The cost of running an upscale restaurant is also a burning issue. Rents are steep downtown, which explains why many high-end casual restaurants are located outside the city centre. And then there's the matter of staffing, as in the number of hands in the kitchen required to create those beautiful plates. Laprise says each of his dishes requires between seven to 12 steps to assemble, as in braise the leek, sauté the scallop, plate the polenta, add one or several sauces, top with micro arugula and so on. A table of four customers can require close to 50 steps for the main course, which explains why the Toqué! kitchen staff counts 16 cooks for the dinner service's 100 to 120 customers.
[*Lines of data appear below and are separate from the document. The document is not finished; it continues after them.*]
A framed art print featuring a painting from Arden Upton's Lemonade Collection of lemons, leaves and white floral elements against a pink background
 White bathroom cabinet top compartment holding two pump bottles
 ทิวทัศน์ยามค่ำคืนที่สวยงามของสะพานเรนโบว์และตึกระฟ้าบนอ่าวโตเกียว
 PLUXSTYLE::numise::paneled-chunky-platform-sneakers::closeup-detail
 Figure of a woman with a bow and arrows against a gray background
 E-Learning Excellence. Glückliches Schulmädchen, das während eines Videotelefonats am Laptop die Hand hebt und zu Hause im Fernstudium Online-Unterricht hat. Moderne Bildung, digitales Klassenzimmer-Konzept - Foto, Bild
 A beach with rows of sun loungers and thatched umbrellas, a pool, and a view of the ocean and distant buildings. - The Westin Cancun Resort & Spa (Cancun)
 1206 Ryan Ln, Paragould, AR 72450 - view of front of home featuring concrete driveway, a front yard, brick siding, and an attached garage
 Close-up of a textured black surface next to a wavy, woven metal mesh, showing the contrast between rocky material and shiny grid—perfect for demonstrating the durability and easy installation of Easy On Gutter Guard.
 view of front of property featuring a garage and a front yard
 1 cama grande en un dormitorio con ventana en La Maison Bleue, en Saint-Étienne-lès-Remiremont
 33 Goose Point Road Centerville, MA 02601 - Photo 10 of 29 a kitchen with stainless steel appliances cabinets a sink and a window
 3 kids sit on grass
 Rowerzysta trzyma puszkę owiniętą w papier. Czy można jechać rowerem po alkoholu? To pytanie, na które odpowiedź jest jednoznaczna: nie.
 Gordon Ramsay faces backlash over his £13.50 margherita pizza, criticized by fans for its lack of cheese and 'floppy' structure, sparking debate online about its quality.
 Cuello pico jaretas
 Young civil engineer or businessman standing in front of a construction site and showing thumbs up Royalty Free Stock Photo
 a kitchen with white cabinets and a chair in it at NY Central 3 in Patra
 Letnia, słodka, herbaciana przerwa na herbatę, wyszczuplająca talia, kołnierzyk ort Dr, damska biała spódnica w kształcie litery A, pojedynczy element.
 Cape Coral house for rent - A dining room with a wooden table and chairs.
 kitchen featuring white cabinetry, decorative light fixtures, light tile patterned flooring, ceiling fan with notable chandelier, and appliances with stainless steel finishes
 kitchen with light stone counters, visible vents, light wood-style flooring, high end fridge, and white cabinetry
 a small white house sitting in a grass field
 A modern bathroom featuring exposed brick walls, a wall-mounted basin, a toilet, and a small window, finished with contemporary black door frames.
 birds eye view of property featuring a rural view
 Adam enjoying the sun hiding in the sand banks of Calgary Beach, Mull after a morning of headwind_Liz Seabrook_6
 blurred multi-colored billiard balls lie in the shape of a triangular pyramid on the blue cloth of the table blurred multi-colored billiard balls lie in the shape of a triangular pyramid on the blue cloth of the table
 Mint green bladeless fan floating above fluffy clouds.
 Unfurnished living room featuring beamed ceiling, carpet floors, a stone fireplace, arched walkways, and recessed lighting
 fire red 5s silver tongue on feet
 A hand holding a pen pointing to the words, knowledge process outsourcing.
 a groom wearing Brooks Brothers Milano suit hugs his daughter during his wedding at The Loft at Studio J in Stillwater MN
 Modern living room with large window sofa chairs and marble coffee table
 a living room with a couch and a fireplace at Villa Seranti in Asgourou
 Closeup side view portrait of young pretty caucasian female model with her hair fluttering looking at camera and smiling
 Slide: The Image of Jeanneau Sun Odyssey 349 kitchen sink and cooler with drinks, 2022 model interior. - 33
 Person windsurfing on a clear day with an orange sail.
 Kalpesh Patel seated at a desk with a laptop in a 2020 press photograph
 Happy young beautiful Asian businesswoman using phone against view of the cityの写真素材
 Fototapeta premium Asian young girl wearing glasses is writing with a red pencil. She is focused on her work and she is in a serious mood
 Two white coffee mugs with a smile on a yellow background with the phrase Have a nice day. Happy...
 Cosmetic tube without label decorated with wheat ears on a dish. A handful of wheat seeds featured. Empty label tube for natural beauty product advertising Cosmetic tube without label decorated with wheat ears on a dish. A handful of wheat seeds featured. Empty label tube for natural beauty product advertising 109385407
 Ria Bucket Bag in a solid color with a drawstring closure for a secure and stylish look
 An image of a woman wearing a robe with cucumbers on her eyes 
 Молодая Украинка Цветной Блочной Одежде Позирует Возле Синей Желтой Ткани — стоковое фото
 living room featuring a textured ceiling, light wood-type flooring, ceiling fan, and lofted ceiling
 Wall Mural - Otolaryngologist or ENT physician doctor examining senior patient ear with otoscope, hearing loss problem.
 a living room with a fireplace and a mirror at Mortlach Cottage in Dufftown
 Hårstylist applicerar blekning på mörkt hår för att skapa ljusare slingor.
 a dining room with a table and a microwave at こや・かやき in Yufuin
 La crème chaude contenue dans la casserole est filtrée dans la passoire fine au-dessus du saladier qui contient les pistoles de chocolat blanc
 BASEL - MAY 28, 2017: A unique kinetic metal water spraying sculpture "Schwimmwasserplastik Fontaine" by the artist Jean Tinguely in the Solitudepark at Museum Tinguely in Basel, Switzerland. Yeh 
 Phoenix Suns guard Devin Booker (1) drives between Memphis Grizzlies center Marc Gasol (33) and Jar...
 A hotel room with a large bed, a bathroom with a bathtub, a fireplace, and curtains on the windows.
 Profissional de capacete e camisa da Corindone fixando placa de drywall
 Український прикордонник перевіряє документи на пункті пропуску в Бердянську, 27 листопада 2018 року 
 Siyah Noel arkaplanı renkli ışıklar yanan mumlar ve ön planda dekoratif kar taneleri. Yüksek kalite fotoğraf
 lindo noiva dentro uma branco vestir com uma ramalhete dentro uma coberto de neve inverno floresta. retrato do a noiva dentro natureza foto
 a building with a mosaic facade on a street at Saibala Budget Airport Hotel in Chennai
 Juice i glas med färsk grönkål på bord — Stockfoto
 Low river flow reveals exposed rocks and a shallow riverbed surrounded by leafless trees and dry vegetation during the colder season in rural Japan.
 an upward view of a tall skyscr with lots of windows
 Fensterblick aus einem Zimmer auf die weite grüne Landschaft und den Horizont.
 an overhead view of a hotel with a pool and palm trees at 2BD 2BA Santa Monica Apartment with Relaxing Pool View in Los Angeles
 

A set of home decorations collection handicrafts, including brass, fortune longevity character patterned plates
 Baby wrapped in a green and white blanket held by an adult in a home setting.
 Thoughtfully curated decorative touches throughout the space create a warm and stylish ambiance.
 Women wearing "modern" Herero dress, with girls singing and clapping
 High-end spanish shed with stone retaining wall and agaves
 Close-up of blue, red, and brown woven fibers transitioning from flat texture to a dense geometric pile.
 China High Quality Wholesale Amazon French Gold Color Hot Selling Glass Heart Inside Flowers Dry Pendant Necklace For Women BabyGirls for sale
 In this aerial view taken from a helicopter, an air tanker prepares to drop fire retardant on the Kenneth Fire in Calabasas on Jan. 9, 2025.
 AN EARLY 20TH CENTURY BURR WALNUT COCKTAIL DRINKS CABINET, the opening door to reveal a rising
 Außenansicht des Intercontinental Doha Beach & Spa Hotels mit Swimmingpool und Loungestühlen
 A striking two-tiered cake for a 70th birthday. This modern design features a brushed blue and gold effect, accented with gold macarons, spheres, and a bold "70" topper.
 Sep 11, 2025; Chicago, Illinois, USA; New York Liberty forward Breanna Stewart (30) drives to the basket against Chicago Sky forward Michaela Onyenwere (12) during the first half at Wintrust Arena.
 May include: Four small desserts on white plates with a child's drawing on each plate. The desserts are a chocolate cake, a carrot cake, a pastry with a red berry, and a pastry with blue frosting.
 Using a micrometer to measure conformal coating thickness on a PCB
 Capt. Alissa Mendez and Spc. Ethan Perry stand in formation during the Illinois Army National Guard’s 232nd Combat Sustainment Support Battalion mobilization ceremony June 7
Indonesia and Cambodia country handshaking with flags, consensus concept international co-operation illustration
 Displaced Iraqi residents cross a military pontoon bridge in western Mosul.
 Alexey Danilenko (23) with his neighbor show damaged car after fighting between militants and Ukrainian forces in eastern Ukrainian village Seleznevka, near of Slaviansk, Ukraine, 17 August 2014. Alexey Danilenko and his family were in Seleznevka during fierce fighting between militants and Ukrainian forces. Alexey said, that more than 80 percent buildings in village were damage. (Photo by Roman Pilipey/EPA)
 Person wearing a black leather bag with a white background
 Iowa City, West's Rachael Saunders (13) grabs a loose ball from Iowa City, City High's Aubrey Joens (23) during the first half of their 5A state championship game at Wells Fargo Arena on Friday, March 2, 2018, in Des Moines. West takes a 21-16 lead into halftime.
Laprise predicts that at his new brasserie, each dish will count three to four steps, which will require only four cooks in the kitchen to cover 160 customers a night.

 

With more profit potential in the brasserie, one questions what keeps Laprise tied to the high end. "Our reputation is that of a 'Grand Restaurant,' " he says, "but when I was about to turn 50 I had a friend who said why not just turn Toqué! into a big bistro. But I didn't work this long to change everything because we weren't in fashion at the time."

 

Upscale casual may be à la mode right now, but not all restaurant- goers are so keen on the new genre. "People from New York and Boston get it," says Morin, "as do most Parisians, but we recently had a call from one of the city's top hotel concierges to up things a bit because their customers didn't want to eat in a boui-boui."

 

But the chefs are getting it, so much so that some once responsible for Montreal's fanciest food, have now drastically pared down their style.

 

Eric Gonzalez built his reputation as the chef of several of the city's most luxurious restaurants and hotel dining rooms including Le Lutétia, Cube and XO. Yet at his last two locations, Café Ferreira and Laloux, one could sense the French chef, who has worked for Michelin-star masters like Bernard Loiseau and Jacques Chibois, changing direction.

 

"I started to ask myself a lot of questions when I left Cube," says Gonzalez, who now works as executive chef at the Auberge Le Saint-Gabriel. "The image people had of me was not the way I wanted to be perceived. French, big ego, full of myself. Yes, I love haute gastronomie but it became my language and the way people sold me. So I'm trying to change my cuisine's image to be more convivial and accessible to all. I'm a simple but passionate person, who is not here to impress but share my point of view."

 

Having worked his way to the top, Gonzalez is well placed to defend haute cuisine. But that's hardly the case.

 

"People don't want that anymore," he says, "It's heavy going. They want to feel comfortable when they eat. No pretension. Yet we must respect the patrimony that was left behind, the great bases given to our generation. And anyway, all these labels we put on cooking are ridiculous. Gastro, bistro ... they're just expressions. Cooking is either good or not. Even a hamburger can be great."

 

Gonzalez says his new menu reflects a more humble approach. "I'll continue to serve foie gras, but in a terrine with bread toasted on the fireplace and rubbed with salted butter. It's simple, but it's still important that the food be well-cooked, properly seasoned and made with the best ingredients."

 

Morin concurs, saying, "We're not in the business of making a statement. We're here to make people happy. We had a fire marshal show up the other day. We thought he came because there was a problem. But, it turns out, he just wanted to try our ribs."

 

(Courtesy of The Montreal Gazette)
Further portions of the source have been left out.